Discordo. Primeiro, não há falta de instrumentos jurídicos: o Código Penal existe e é adequado (contrariamente ao caso da LSN, que não deveria existir e é inadequada). Segundo, o que a incerteza sobre qual lei aplicar ao caso dos protestos evidenciou foi que, mesmo depois de quase trinta anos, o Brasil ainda é um experimento incipiente de democracia. Infelizmente, ainda há muitos nostálgicos pela ditadura e seus métodos, o que se reflete na forma como pensam e agem.

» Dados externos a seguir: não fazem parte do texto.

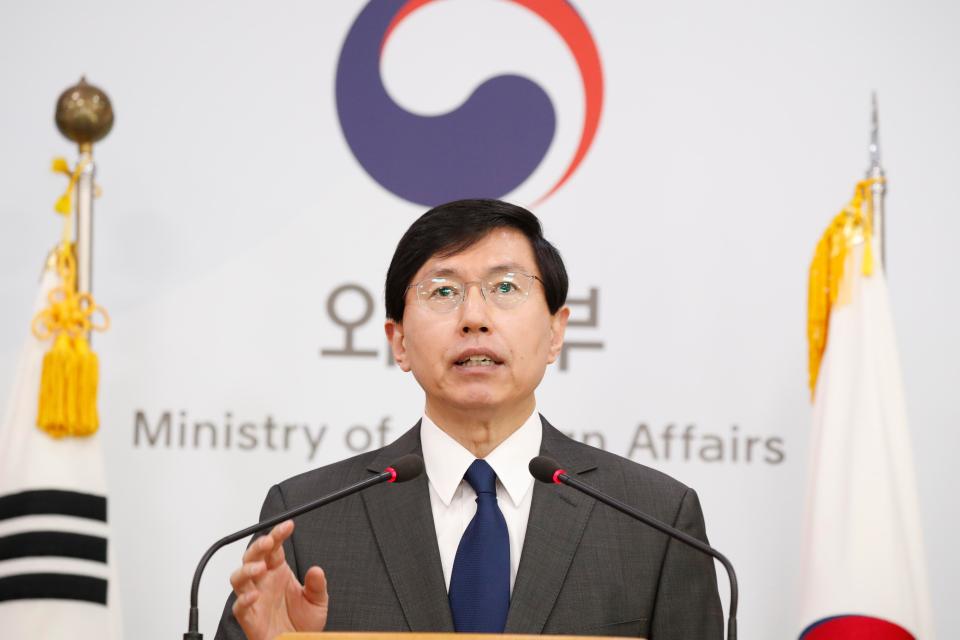  Cho June-Hyuck, spokesman for the Ministry of Foreign Affairs for South Korea, condemns the recent test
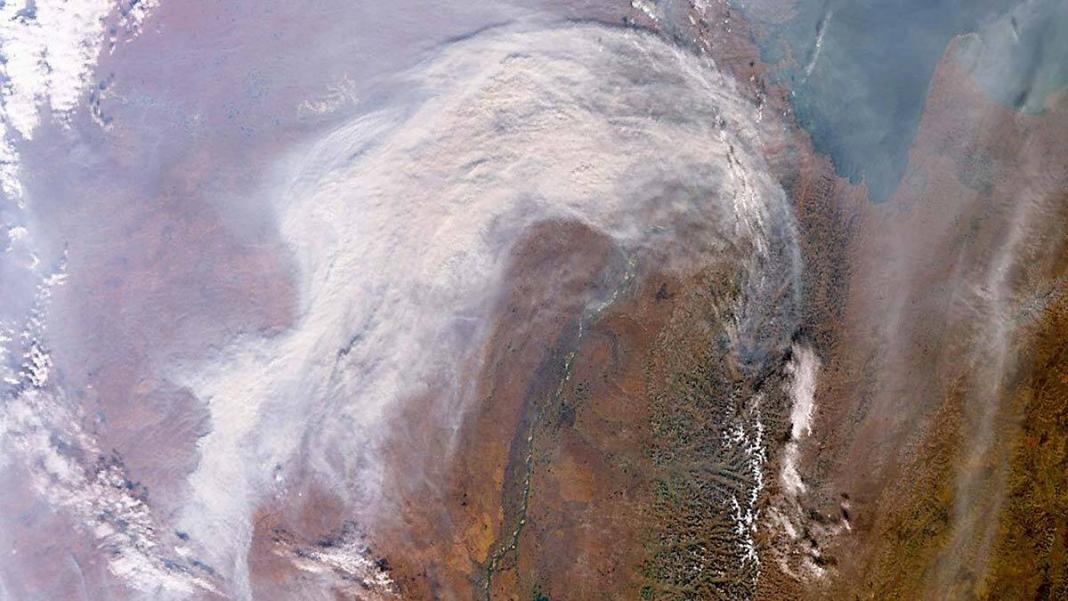 Yakutistan'daki orman yangını uzaydan görüntülendi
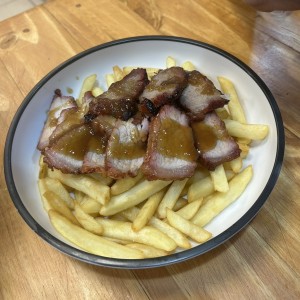 Puerco asado con papas fritas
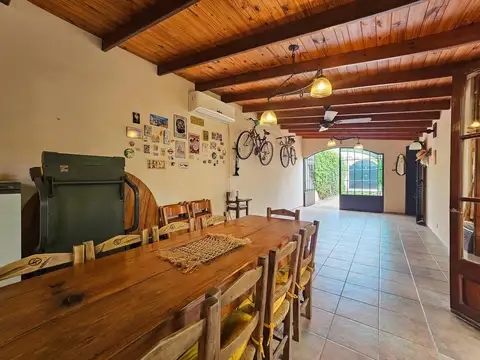 Casa en Venta con 3 cocheras
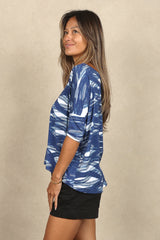 Julie 3/4 Sleeve Top (Indigo Waves)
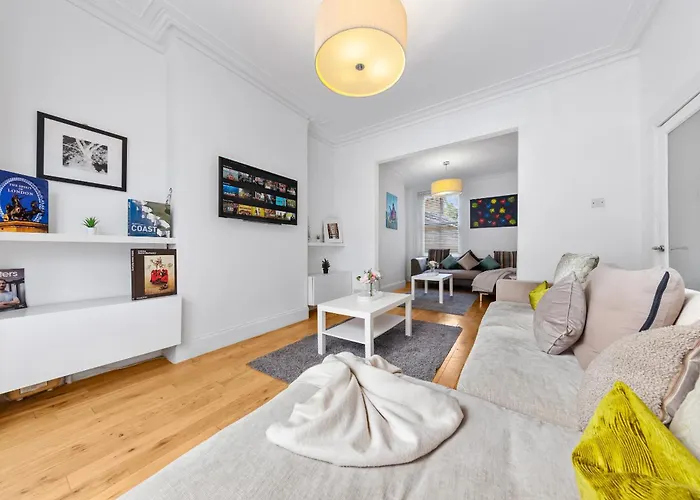 Luxury 4-Bedroom Modern Flat In Central London Steps From Station, Sleeps 9 In Style!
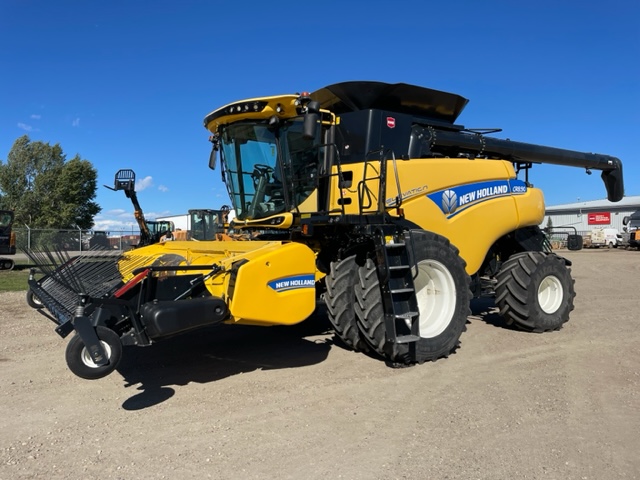 2016 New Holland CR8.90 Combine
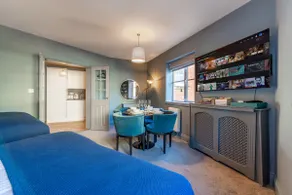 Large Stylish Studio in the heart of the city - Image 5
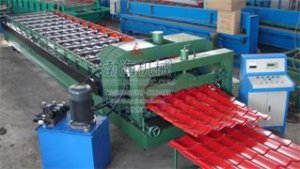 仿古琉璃瓦设备的性能解析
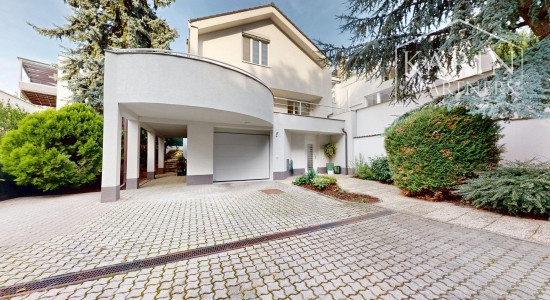 3 podlažná mestská vila na Hradnom kopci | 359m² | garáž | sauna| les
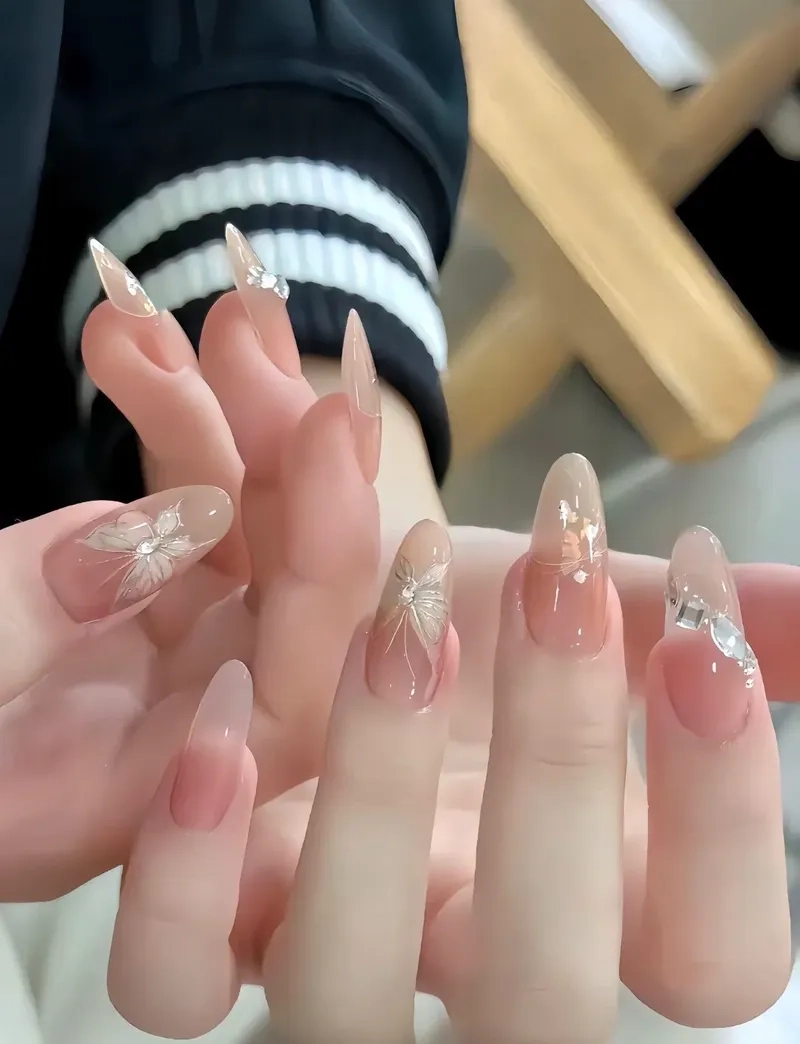 Thiết kế độc đáo với mẫu nail phen đầu móng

Um exemplo: em 2005, o então Presidente da República, mesmo depois de ter lutado contra a ditadura por muitos anos, determinou o cancelamento do visto de um jornalista estrangeiro e ordenou sua expulsão do território brasileiro em oito dias. O motivo: o Presidente da República não gostou do que o jornalista disse. A base legal: o Estatuto do Estrangeiro, uma lei que, como a LSN, também foi sancionada durante a última ditadura. O Presidente da República voltou atrás, depois de um puxão de orelhas do Superior Tribunal de Justiça (STJ):

[N]o Estado Democrático de Direito não se pode submeter a liberdade às razões de conveniência ou oportunidade da Administração. E aos estrangeiros, como aos brasileiros, a Constituição assegura direitos e garantias fundamentais descritos no art. 5º e seus incisos, dentre eles avultando a liberdade de expressão. E dúvidas não pode haver quanto ao direito de livre manifestação do pensamento (inciso IV) e da liberdade de expressão da atividade de comunicação, “independentemente de censura ou licença” (inciso IX).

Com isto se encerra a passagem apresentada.